I put it in the first cell and it returned a #NAME? error.  Not sure if Im doing it right...

----------


## Fotis1991

Did't you see the sample that uploaded for you?

----------


## scottdog129

I sure did.  Looks like it works in the small sample, but I tried cut/pasting the code into the first cell of the actual worksheet and it returned an error.  Do I need to make any adjustments to it before I paste it?

----------


## Fotis1991

...Change all the semi colons( :Wink: in my formula,  to comma(,)

----------


## scottdog129

Did that and received a Err:508 error.

*=IF(ISNA(INDEX(sheet2!$B$1:$B$25,MATCH(C1,sheet2!$C$1:$C$30,0))),"",INDEX(sheet2!$B$1:$B$25,MATCH(C1,sheet2!$C$1:$C$30,0)))*

----------


## Fotis1991

:Confused:  Really sorry... I want to help(Hope that you can see it), but works in my attachement and does not in your real workbook...
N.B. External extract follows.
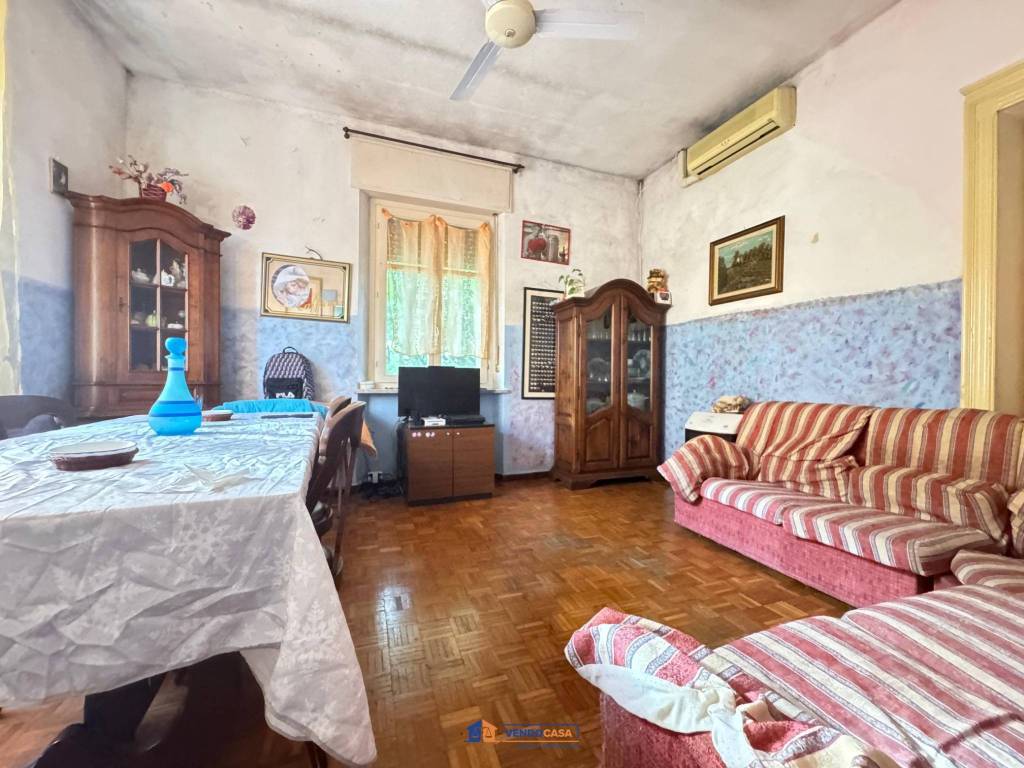 Villa a Montegrosso d'asti in Via Re Umberto, 39 - Foto 5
Just now, i am not able to advice you something more...

----------


## scottdog129

What if I sent the entire workbook?

----------


## Fotis1991

..If you think so....For me, it's ok.

I have no more time for tonight. I;ll see it tomorrow morning.

----------


## scottdog129

No worries.  I appreciate your help!  Here is the full workbook...

LSC_FOLDINV MC.zip

----------


## Fotis1991

Hi

Scott, take a look at the file. I think it's ok, now.

Hope that helps you. :Smilie: 


Edit: I "cut" some rows, because i couldn't post the file(was too big)

----------


## scottdog129

Looks great!!!  Only questions is how do you apply the formula to the entire column without having to drag down through 29,000 rows?

THANKS SO MUCH!!!

----------


## scottdog129

Nervermind.  I figured it out.  Thank you so much for all your help!  A true life saver!!   :Smilie:

----------